The A.V. Club: Why a blues record?
Cyndi Lauper: It’s just the root of all the music that I’ve ever learned. It’s the basis of everything I’ve ever sung. I learned jazz; that comes from blues. I learned rock; that comes from blues. I learned pop; that comes from blues. Even dance, that comes from blues, with the answer-and-response. For me, this is the source. And I feel kind of proud of what I’m doing here, because this is the root.
AVC: Was there any particular reason you waited until now to do it?

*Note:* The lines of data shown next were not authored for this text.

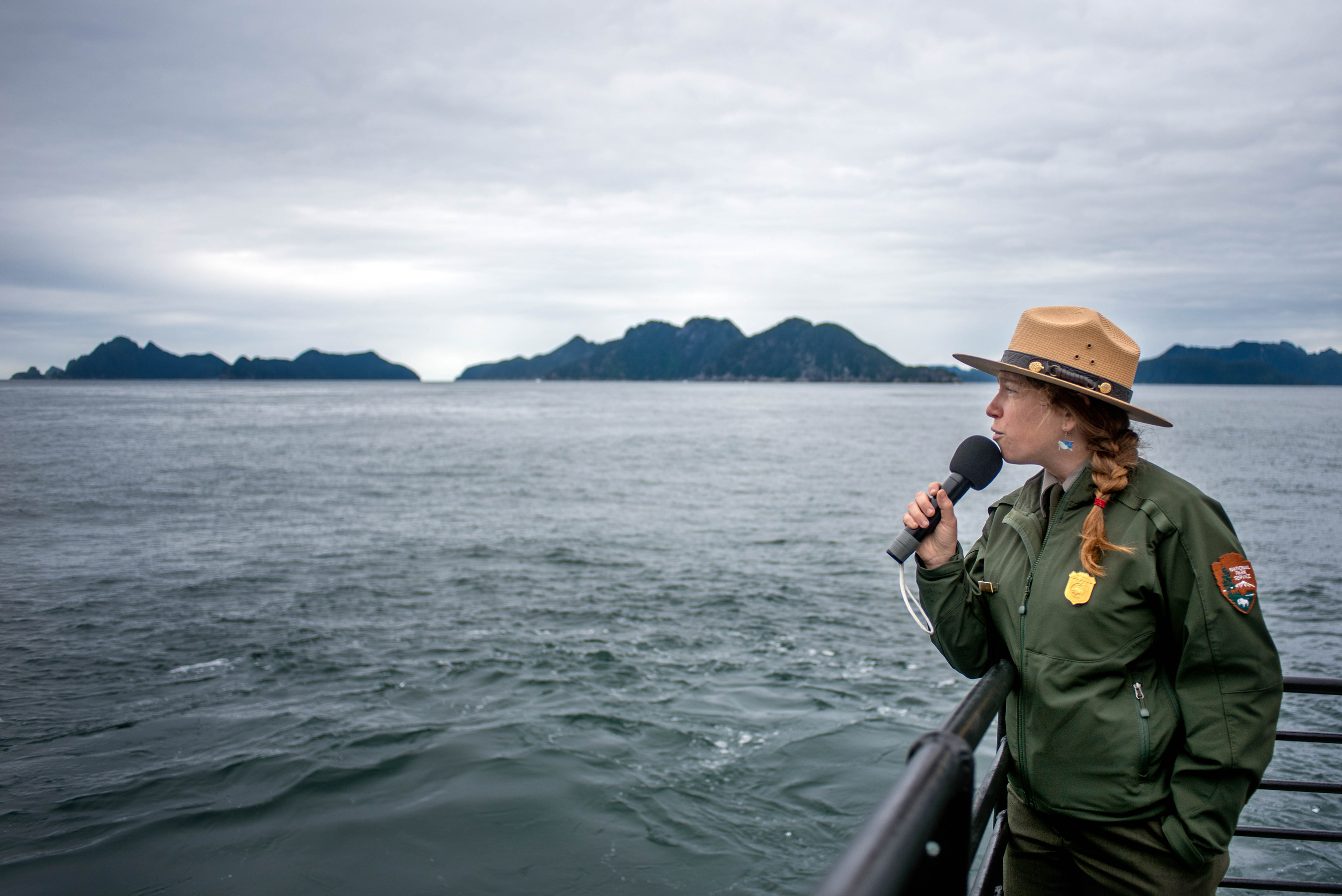 Interpretation Ranger Gillian Braver pointing out park features in Aialik Bay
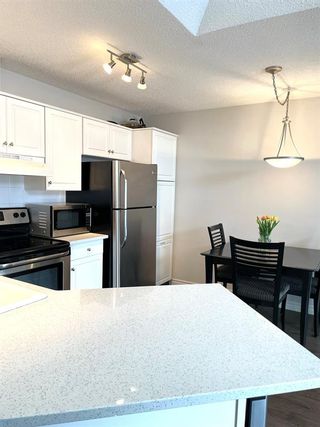 Photo 10: 405 10 Sierra Morena Mews SW in Calgary: Signal Hill Apartment for sale : MLS®# A2030186
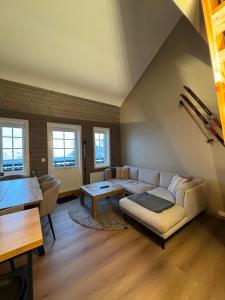 Posezení v ubytování Cozy Apartment - Great View!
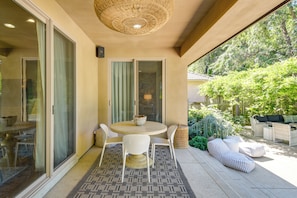 A covered patio with a round table and chairs, a woven ceiling light, and a view of a garden with outdoor furniture.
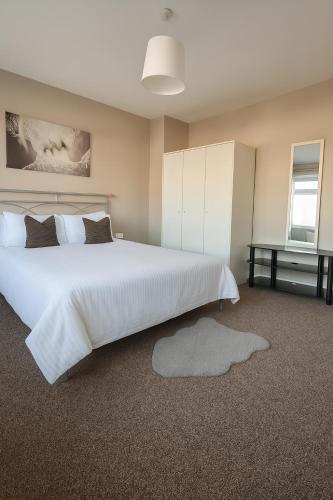 a bedroom with a large white bed and a desk at City Stays Norwich NR3 in NWI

CL: I couldn’t do it before, when I was on Sony. I couldn’t get everything together. I originally wanted to do it in 2004, but—I believe there are no accidents. I’m quoting Kung Fu Panda. I had originally wanted to make it then, with Jeff Beck, but I think if I had done it then, I probably would not have met [producer] Scott Bomar and come down and had a chance to work with all these wonderful musicians that I met, like Skip Pitts, and Lester Snell, who played on a lot of those old Stax recordings, and for Chess, and all those Satellite Records. And then I wondered if I could get [Allen] Toussaint, because I met him after Katrina, and he was awesome. He didn’t think my ideas for these songs were too odd. In fact, he worked them out with me, and we ended up doing this sort of mash-up. It was really interesting, actually. I met Steve Potts, and B.B. King, and Ann Peebles. That was amazing, because she was like the soundtrack to my college. When I was in college, I would be singing along with “Part Time Love,” trying to sound like her in my room. So actually having her stand next to me and sing these songs was a wonderful experience. And also, Jonny Lang was awesome, and Charlie Musselwhite—oh my God. I’m lucky. I got to work with people like that. I didn’t want to do, just, you know, “the blues record”—I wanted to do the real thing. So I feel blessed.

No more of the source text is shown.